What needs to be done
Please take the records that follow and repeat exactly the lines starting with the line with "Pauly Shore Instagram" and going on through the line with "AWE Tuning Exhaust".

Input for this task
▼

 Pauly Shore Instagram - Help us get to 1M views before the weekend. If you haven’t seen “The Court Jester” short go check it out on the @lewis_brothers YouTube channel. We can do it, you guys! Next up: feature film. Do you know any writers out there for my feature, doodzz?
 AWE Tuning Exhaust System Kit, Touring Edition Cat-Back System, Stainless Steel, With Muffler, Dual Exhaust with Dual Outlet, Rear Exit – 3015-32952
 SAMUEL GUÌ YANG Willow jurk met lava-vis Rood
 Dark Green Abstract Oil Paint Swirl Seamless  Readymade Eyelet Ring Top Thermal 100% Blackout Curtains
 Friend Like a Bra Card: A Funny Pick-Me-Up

▲
▼

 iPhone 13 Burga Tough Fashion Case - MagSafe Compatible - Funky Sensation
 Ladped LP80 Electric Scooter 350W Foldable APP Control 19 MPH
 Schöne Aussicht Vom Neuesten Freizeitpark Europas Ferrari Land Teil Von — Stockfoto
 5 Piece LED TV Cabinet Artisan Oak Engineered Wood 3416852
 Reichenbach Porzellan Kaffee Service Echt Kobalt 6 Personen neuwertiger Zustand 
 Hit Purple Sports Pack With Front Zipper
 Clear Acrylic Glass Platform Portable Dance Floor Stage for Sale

▲
▼

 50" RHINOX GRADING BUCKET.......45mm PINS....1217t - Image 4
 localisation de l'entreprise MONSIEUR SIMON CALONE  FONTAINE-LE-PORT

▲

Answer for this exercise
 Pauly Shore Instagram - Help us get to 1M views before the weekend. If you haven’t seen “The Court Jester” short go check it out on the @lewis_brothers YouTube channel. We can do it, you guys! Next up: feature film. Do you know any writers out there for my feature, doodzz?
 AWE Tuning Exhaust System Kit, Touring Edition Cat-Back System, Stainless Steel, With Muffler, Dual Exhaust with Dual Outlet, Rear Exit – 3015-32952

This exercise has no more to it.